Anfangs habe man noch alle Proben ins Labor des Virologen Christian Drosten nach Berlin geschickt. „Dann haben wir das in Stuttgart zügig selbst etabliert und ausgebaut“, sagt Jürgensen. Dazu habe man aus der Onkologie, der Humangenetik und der Molekularpathologie Kollegen zu einem neuen Team zusammengezogen.

Viele Helfer bieten ihren Einsatz sogar Tag und Nacht an

Viele, wie auch Widmayer, hätten sogar selbst angeboten, im Schicht- und Nachtdienst zu arbeiten. „Ein Drei-Schicht-Betrieb ist bisher zum Glück nicht nötig“, sagt Jan Steffen Jürgensen.

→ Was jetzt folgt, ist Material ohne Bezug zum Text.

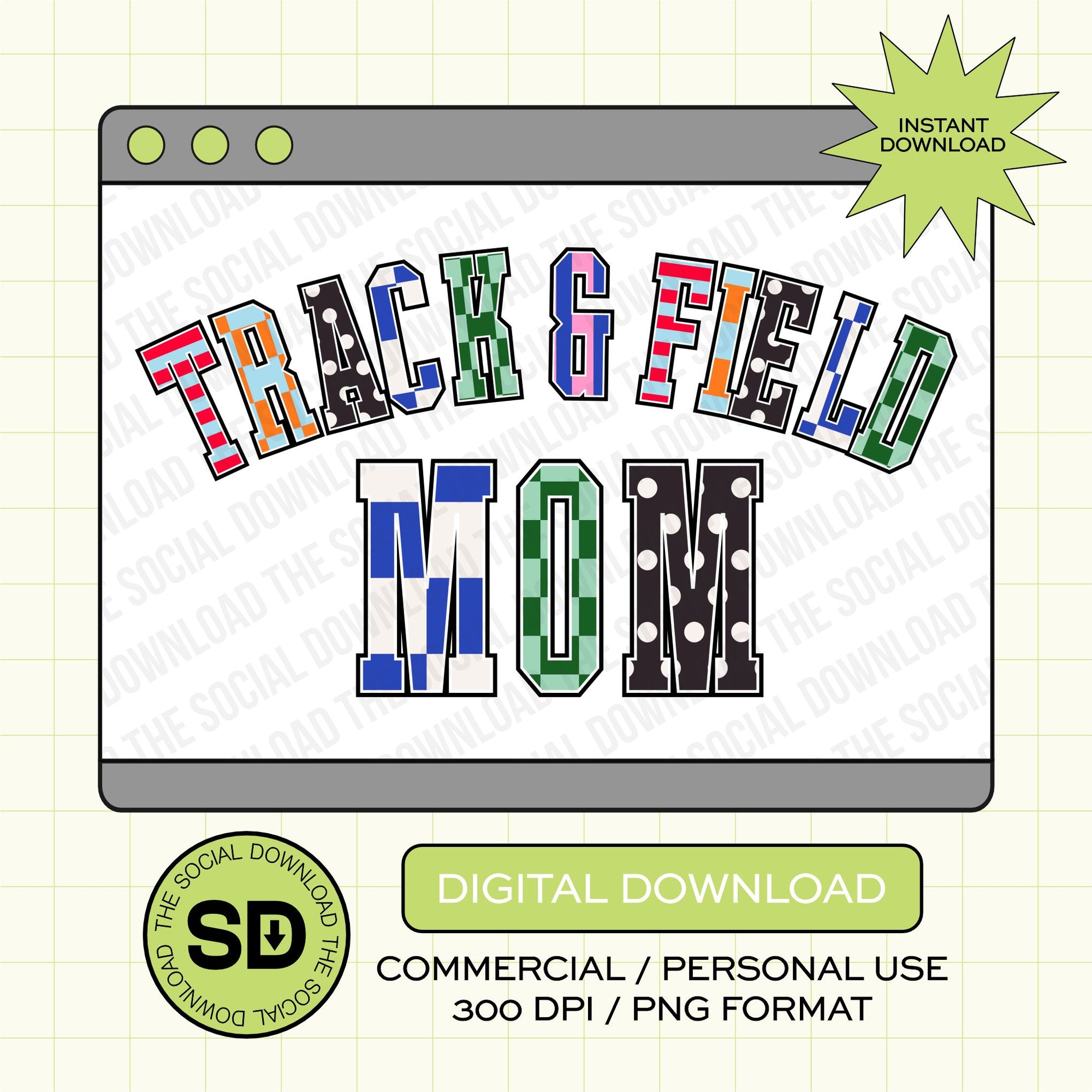 Mixed Print Varsity Track and Field Mom- Instant Download PNG (MPV1016)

Patricia Widmayer ist allerdings nicht die einzige, die ihre Expertise zur Verfügung stellt. Auch viele andere Menschen haben sich gemeldet, um im Klinikum ehrenamtlich auszuhelfen – rund 3000 sollen es gewesen sein. „Wir haben von ganz vielen Seiten Unterstützungsangebote bekommen, von Anästhesisten im Ruhestand, die bei der maschinellen Beatmung helfen könnten, aber auch von Angehörigen der Patienten, die handwerklich anpacken würden“, sagt Jürgensen.

Derzeit hat das Klinikum die Situation gut im Griff

Bisher gleiche die Stimmung im Krankenhaus noch der Ruhe vor dem Sturm. Man bereite sich vor und warte. Auch in Stuttgart verlaufen rund 80 Prozent der Erkrankungen milde mit Erkältungssymptomen, aber auch Durchfall, Kopf- und Muskelschmerzen. Rund 14 Prozent der Erkrankten hätten schwere Verläufe mit beidseitiger Lungenentzündung, die aber noch nicht intensivpflichtig seien. Sie klagten über extreme Abgeschlagenheit und massive Atembeschwerden, müssten aber nicht künstlich beatmet werden.

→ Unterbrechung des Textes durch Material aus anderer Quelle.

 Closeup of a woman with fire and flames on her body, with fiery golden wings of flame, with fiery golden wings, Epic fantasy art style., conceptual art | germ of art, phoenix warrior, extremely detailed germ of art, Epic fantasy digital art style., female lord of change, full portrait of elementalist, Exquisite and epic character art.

Fünf bis sechs Prozent der Erkrankten bräuchten intensivmedizinische Behandlung, oft auch mit künstlicher Beatmung. Die Intensivbehandlungskapazitäten gelten in Deutschland auch im internationalen Vergleich als sehr gut und wurden nochmals gesteigert. In einem Register werden die aktuellen Verfügbarkeiten auf Intensivstationen täglich aktualisiert. „Da sind wir insgesamt in Deutschland gut ausgestattet. Aktuell wurden 34 000 Intensivbetten erfasst, von denen über 14 000 frei sind“, sagt Jan Steffen Jürgensen. „Durch den zeitlichen Vorlauf konnten uns gut vorbereiten. Allein im Klinikum Stuttgart wurde die Zahl der Beatmungsplätze von knapp 90 auf aktuell 200 gesteigert.“ Er betont aber auch, dass ein Abflachen der Kurve von Neuinfektionen durch gesellschaftliche Maßnahmen mindestens so wichtig ist wie leistungsstarke Akutkrankenhäuser.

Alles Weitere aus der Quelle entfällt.